However, the point is that heat death is not itself, literally, the end of the universe. Nevertheless, if the fundamental particles have finite life-spans, no matter how long, the universe as a whole will eventually experience heat death and then, some time later, go out of existence entirely.*
Nothing is coming. And nothing can come from nothing. As Heidegger put it, “The Nothing Nothings.” So, once there is nothing, the conventional wisdom goes, there can’t ever be anything again.

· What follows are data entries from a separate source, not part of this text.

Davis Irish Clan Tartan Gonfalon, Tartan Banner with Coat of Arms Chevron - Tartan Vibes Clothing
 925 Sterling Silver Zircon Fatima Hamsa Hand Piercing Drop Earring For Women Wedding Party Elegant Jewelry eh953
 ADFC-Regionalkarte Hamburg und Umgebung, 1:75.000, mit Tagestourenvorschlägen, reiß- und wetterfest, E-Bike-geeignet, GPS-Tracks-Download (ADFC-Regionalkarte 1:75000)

If there being nothing is easier, or more likely, than there being something, and if there has ever been nothing – even for one zeptosecond (the shortest length of time ever measured, 10^-21) – and if it’s true that there can’t be something after that, how did we all end up in this brief flash of something? Luck? Anthropic principle (we could only be in a universe where there is something…)? Or God?

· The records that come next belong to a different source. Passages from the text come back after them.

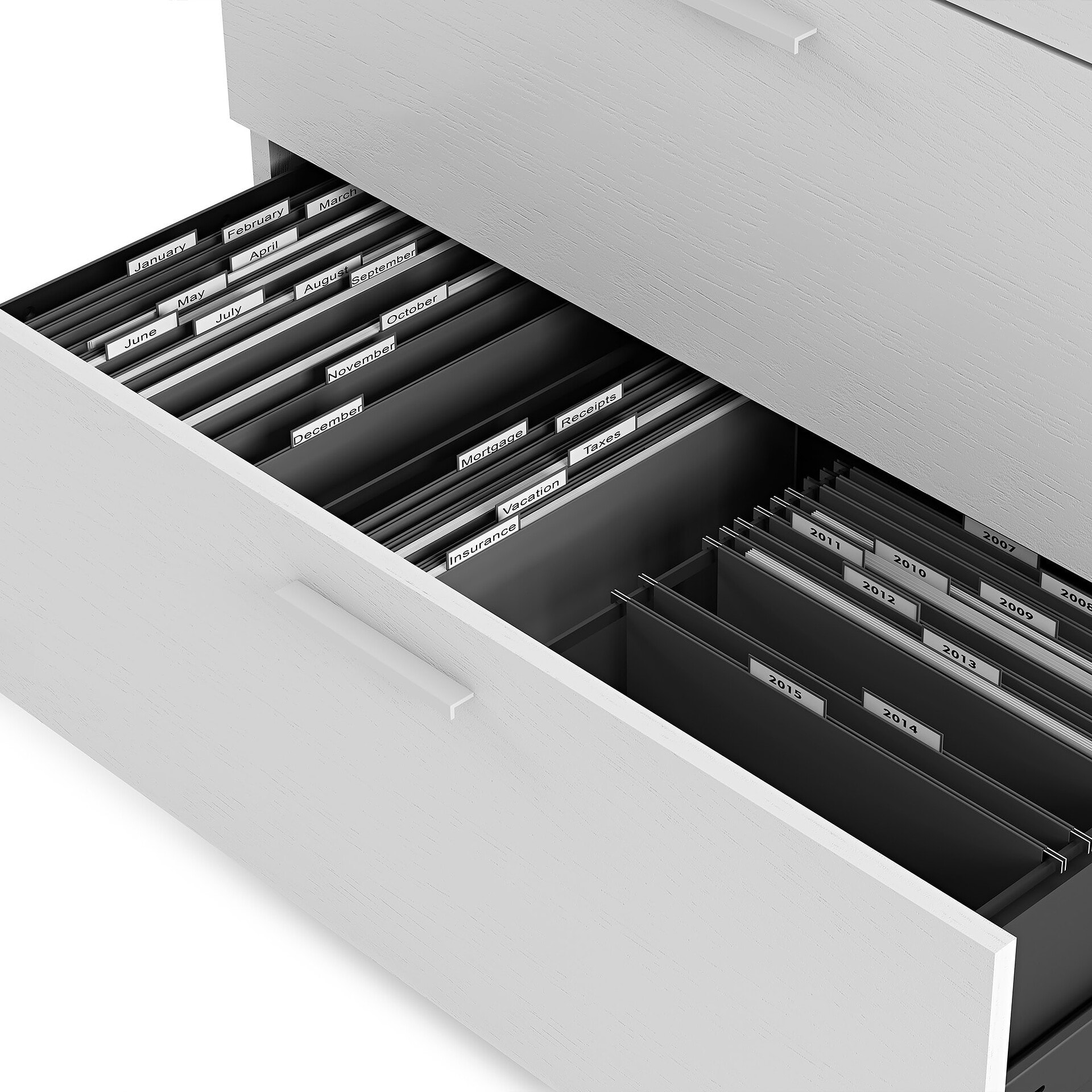 Organized filing drawer with labeled folders for documents and records, showcasing office storage solutions.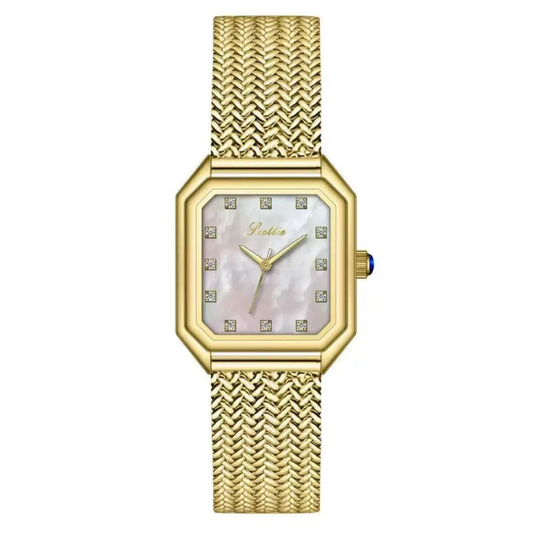 Timeless Grace : White Mother-of-Pearl Rectangular Dial Watch with Gold Bezel & Wheat-Pattern Bracelet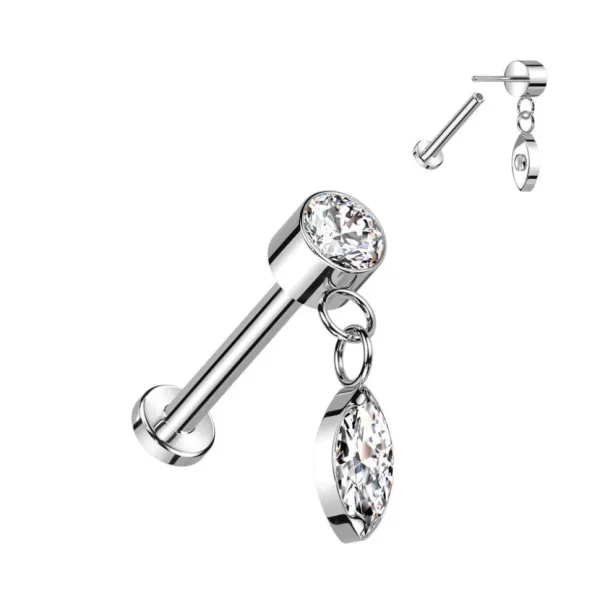 Titaaninen labret 1mm, Push in Labret -roikkuva koriste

You know the trouble with God, of course – I mean in this particular situation, at least. What good is it to explain why there is something by reference to God when explaining why (how?) God came into existence is, if anything, harder since God is causally more opaque and more complicated than, well, everything?
Of course, maybe it’s just a brute fact that there is something rather than nothing. Bertrand Russell said the universe “is just there and that’s all.” “Reasons,” his one-time pupil Wittgenstein said, “must come to an end somewhere.”
Or maybe the question is meaningless. Steven Hawking said asking what there was before the Big Bang is like asking “What is north of the North Pole?”
On the other hand, maybe it’s just unanswerable why there is something rather than nothing, not because it is a brute fact or meaningless question, but because it is outside of our actual and possible experience.
In Robert Ottum’s “Ado About Nothing” two astronauts discover a wall at the end of the universe – and a sign that says, “Obviously you are not convinced that this is the end of the universe. If you will place a quarter in the slot below, the peep-hole will open, and you can see for yourself.” When one astronaut asks the other what he saw his answer is, of course, “Nothing.”
Call that being outside of our experience in the mundane sense.
There’s also a Kantian sense in which the question of why there is something rather than nothing might be outside of our experience. Kant says time and space are a priori forms of intuition. Roughly, they are structures we impose and through which we perceive the world, not possible objects of experience themselves. Time and space make it possible to process and understand our experiences, but the things-in-themselves are beyond our experience and, ultimately, always a mystery to us. I guess, from the Kantian point of view, if we don’t really know anything about space and time, we also don’t know anything about how everything came into existence or why there is something rather than nothing.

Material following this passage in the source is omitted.